Thank you, Tony. Next question, please.
Yes, Matt. That will come from Benny Wong of HSBC.
Hi. Good morning, management. Thank you for taking my question. So if we look at I think it's encouraging to see the uplift in the paying ratio. But if we look at the MAU side, which is your fundamental driver, both the MAU in the online music and also show entertainment has also been seeing some decline, right?
If you look at social entertainment, despite the shift of the annual Gala, it's both declining on a Y on Y and Q on Q. So and then I just want to understand the reasons of the decline in the MAU here. And then with that, also understand that if you look at the we understand why there's a better economics of TME not choose to renew some of the master license. How should we think about in terms of user acquisition strategy into 2020? Thank you.
Sure. In terms of MAU, we're absolutely not concerned by the slight drop in the music MAU in the Q4 because that's just part of seasonality. Every Q4 you would see a slight drop sequentially, but we expect to recover from that into Q1. And then for social entertainment MAU, we had alerted our shareholders and the investors in the last quarter earnings call that due to competitive pressure, We are seeing a slight decline in MAU on a sequential basis for social entertainment. But like I mentioned, we've implemented a very comprehensive and well executed growth plan tackling user acquisition as well as user engagement.
And the plan is working very well and is showing very good traction, which is why we see we expect the social entertainment M and A to rebound in Q1 and to resume a healthy growth trend throughout 2020.
In terms of the master licensing that you mentioned about, I think that we are still believing that the master licensing agreement do have a very good value to the industry. So which means that we will continue to have some of the master licensing agreement with certain kind of labels, but not all of them. We will be to have the wisdom to select which label are we going to adopt the master licensing agreement or which one we do not. As we mentioned about especially the 3 labels, the 3 major labels which accounting for most of the content costs, very significant content costs of our company. If we are going to moving away from the master licensing agreement, I think that is going to let us to be enabled to achieve some cost saving.
As we are no longer need to have the commitment upfront payment for the licensing. So I think that is going to be good for us. And also because we do already have a very huge user base with over 800,000,000 active monthly users, Even though we are not going to have massive licensing with the 3 major label, but if we have the license on our platform, it will serve the meet the demands of our users, which will serve the purpose. So I think that we will be in a very carefully to selecting our strategies in terms of the contracting with all of the mislabels.

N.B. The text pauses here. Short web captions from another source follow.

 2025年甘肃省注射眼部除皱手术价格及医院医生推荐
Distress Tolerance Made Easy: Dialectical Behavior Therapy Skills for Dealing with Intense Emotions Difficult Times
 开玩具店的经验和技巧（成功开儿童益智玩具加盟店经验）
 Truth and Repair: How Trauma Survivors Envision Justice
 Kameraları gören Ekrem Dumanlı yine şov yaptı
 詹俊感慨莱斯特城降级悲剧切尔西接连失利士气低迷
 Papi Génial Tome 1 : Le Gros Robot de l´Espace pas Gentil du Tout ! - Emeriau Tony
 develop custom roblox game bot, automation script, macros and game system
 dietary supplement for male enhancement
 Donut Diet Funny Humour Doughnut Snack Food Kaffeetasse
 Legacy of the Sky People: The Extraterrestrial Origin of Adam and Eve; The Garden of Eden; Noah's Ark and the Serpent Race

And in terms of sorry, just to wrap up, I think in terms of there was a slight question about how we would approach user acquisition from the content angle. I think as Kashu mentioned, we are very committed to enriching continuously our content offering to further strengthen our content leadership, which is already very strong. And we've added a lot of new content to cater for user demand, especially for the younger demographics like the Chinese Asian style, like the ACG or J Pop and K Pop, which are also showing very good results in terms of allowing us to further penetrating into the younger demographics, especially the Gen Z.
And next we have Alex Yao of JPMorgan.
Thank you management for taking my question. First question by the end of Q1, what portion of the content library will be put behind the paywall? And how do you think about by the end of 20 20, what percentage will be behind the paywall? And then secondly, regarding the supply licensing revenue, we understand the appetite or demand for supply licensing, the professionally curated content from you guys is going down. Can you help us understand why is the competitor deemphasizing such content channel?

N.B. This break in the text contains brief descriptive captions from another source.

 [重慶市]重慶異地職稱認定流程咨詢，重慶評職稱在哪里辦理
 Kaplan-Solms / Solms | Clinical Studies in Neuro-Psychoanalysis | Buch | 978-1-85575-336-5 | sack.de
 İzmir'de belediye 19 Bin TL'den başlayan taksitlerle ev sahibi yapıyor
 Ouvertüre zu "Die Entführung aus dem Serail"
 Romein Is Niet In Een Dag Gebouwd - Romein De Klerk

And if the consumer demand for such content is generally going down, why do you need to spend aggressively on such content? Thank you.

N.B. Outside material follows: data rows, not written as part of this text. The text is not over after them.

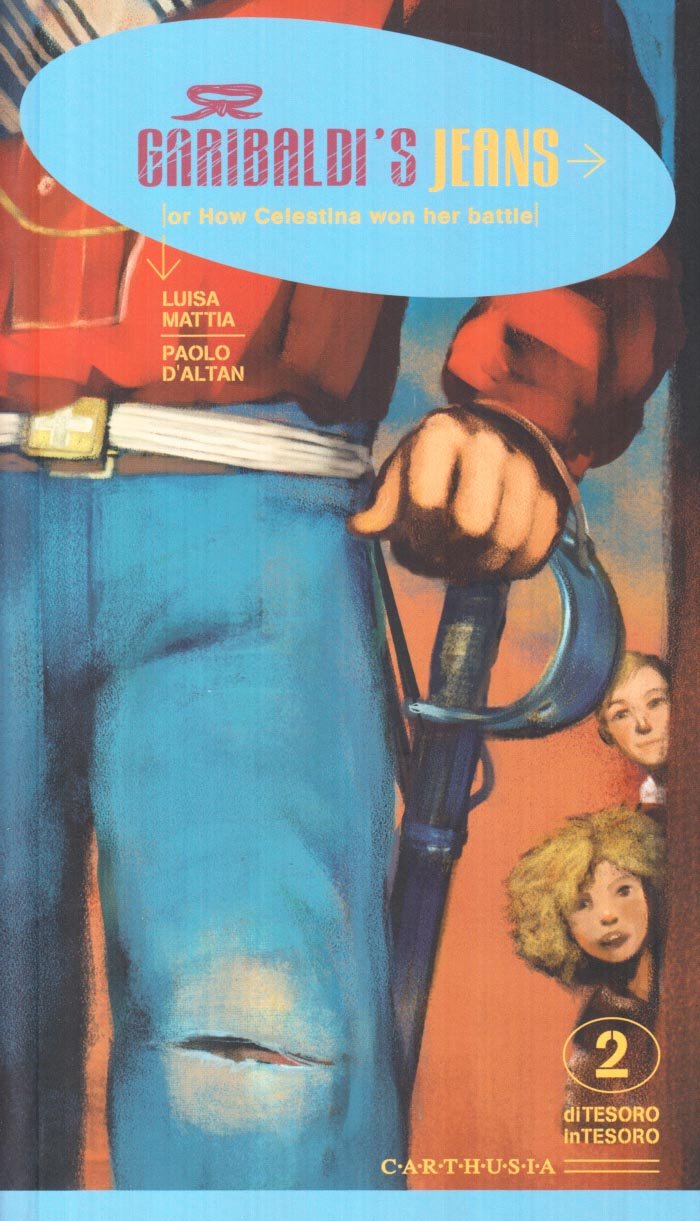 Garibaldi's jeans. Or how Celestina won her battle Novels & Short Stories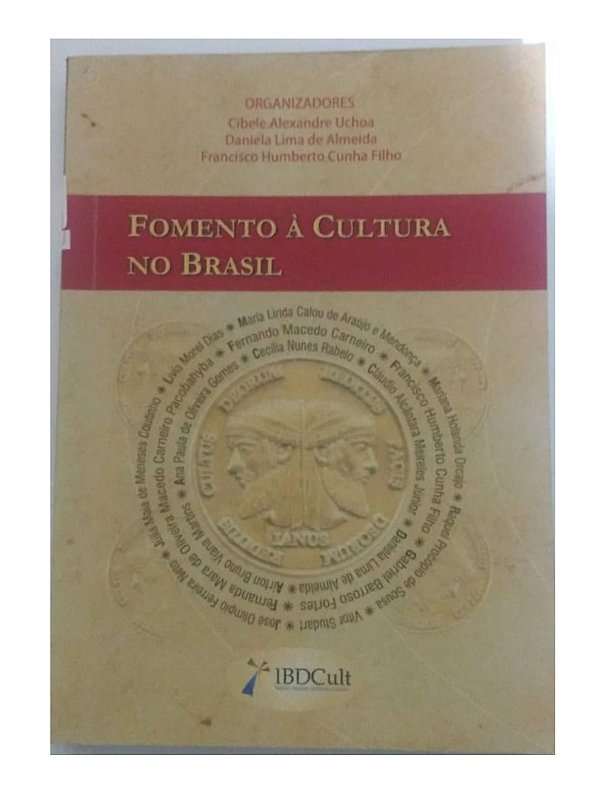 Fomento A Cultura No Brasil - Vários Autores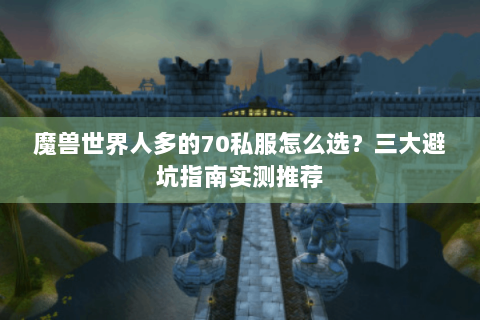 魔兽世界人多的70私服怎么选？三大避坑指南实测推荐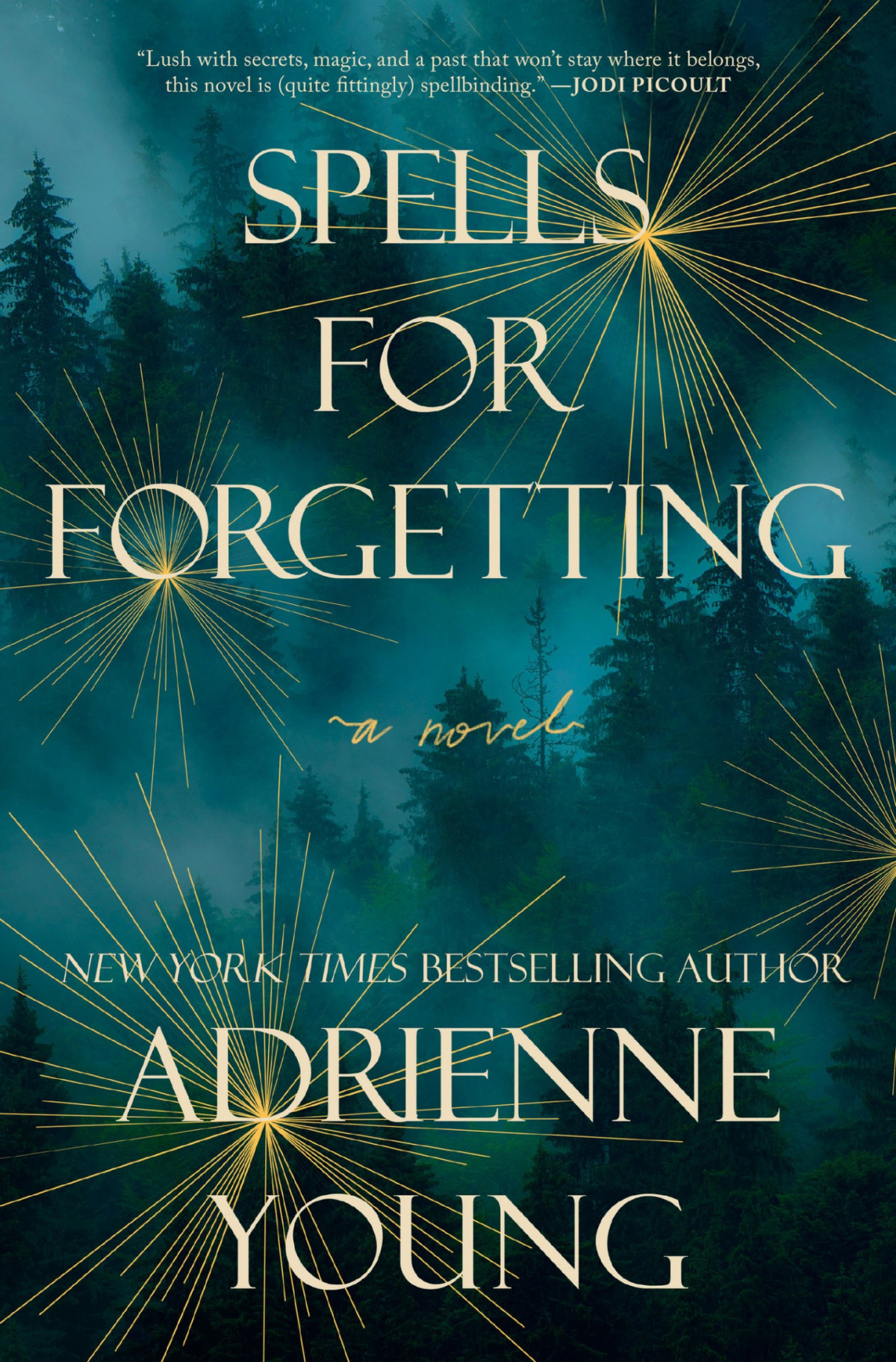 Spells For Forgetting Adrienne Young
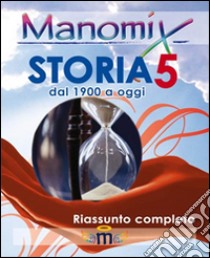 Manomix di storia. Riassunto completo. Vol. 5 libro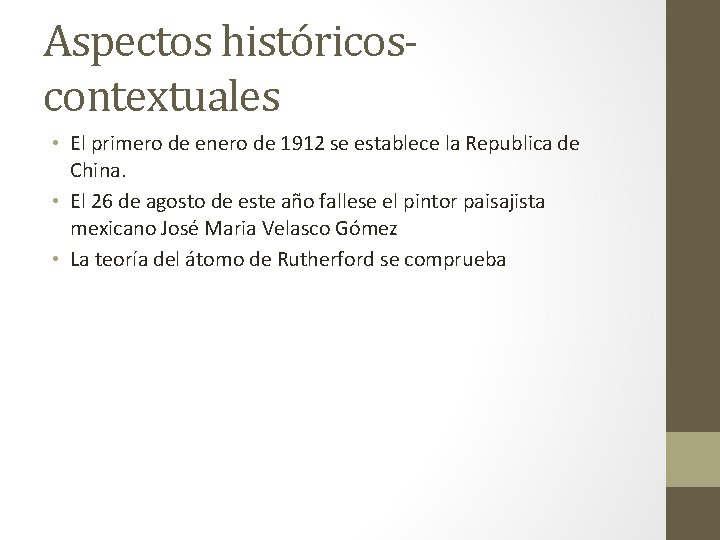 Aspectos históricoscontextuales • El primero de enero de 1912 se establece la Republica de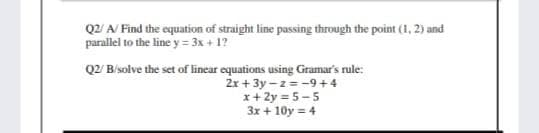 Q2/ A/ Find the equation of straight line passing through the point (1, 2) and
parallel to the line y = 3x + 1?
Q2 B/solve the set of linear equations using Gramar's rule:
2x + 3y –z= -9 + 4
x+ 2y = 5-5
3x + 10y = 4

On the Payroll, we will address Q1 when we report Q1 results. But what I'm happy to share is that we started embarking on the paper streaming strategy in Q1 of 2019. So effectively, we started with 0% of our content behind the paywall based on streaming volume share. And by the end of 2019, around 9% to 10% of the content is behind the paywall. And so you could expect a similar sort of pace in terms of the pace of content that we'll put behind the paywall during 2020.
And also in terms of the content that you're talking about, what we are doing in PME is we try to provide as much content as possible to our users, which basically because the demand of our users is very complicated. They will like to listen to the top tier artists, the cream layer content, but at the same time they will also like to listen to some long tail content by the indie musician as well. So I think that there's no that we might have a one way to satisfy all the needs of our users. So that's the reason why we need to strike the balance and we need to provide the most content which is available to our users. And this is what we are continue doing and doing well in the past few years and we will continue to do doing this.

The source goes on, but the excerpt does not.